Savage moved to Madison from West Berlin in 1990, where he worked at Four Star Video Heaven. On the podcast, Savage said he enjoyed his time in Madison, eating at Himal Chuli and The Plaza, and navigating relationships in the city’s gay club scene.

“I was still learning when I was in Madison, not that I wasn’t good at monogamy, but monogamy wasn’t good for me,” he said.

Savage befriended Tim Keck, who co-founded The Onion, as chronicled in Christine Wenc’s book “Funny Because It’s True,” and started writing “Savage Love” while he was working at the video store.

When Keck moved to Seattle the next year, Savage went with him and brought “Savage Love” to The Stranger, the influential alt-weekly Keck founded.

A crowd of people holding up a white banner.

ACT UP was a national movement known for confrontational tactics in fighting for awareness of the AIDS epidemic. (NIH History Online / Flickr)

‘Acting Radical’

Savage’s time in Madison coincided with the rise of ACT UP (AIDS Coalition To Unleash Power), a grassroots movement of activists who used public demonstrations and in-your-face tactics, such as “die-ins,” to push for civil rights for the LGBTQ+ community and against indifference to the AIDS epidemic.

Then-Gov. Tommy Thompson and the Wisconsin Department of Corrections were frequent targets of ACT UP Madison for the department’s treatment of inmates with AIDS and HIV. Savage was part of the Madison chapter, and can be seen in archival footage on the steps of the Capitol wearing a T-shirt reading “SILENCE = DEATH.”

ACT-UP’s aggressive strategies fit Savage’s approach to activism perfectly. “The only way we can get our issues addressed is by acting radical, lying down on sidewalks, screaming and yelling and making radical demands and saying extreme things,” Savage was quoted saying at the time. “And then when we do that — which is the only way we can get press — we’re dismissed for our extremism.”

The Future of Acting Up

Savage now says that the energy and the joy that ACT UP activists displayed in the face of so much death for gay people was itself a powerful kind of activism against the forces of homophobia. He thinks it points a way forward for today’s protest movement.

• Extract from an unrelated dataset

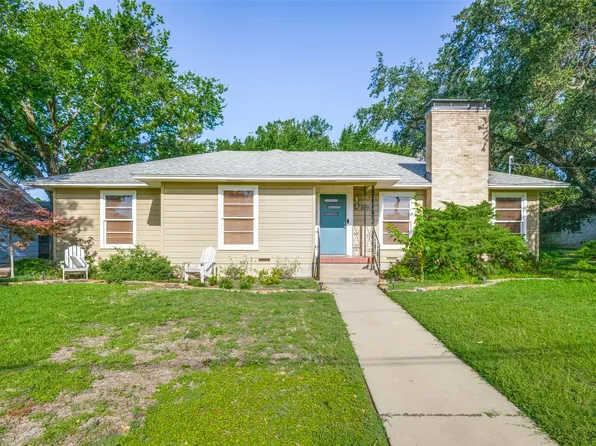 605 Hillcrest St, Denton, TX 76201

“It drove them crazy when they saw that we were still joyful, that we were still having sex,” he said. “When they saw us making art and pornography and theater and dancing, because they wanted us curled up on the floor in the fetal position, unable to do anything. And we did everything, which included demonstrating and organizing and challenging and confronting. But also partying and loving each other.”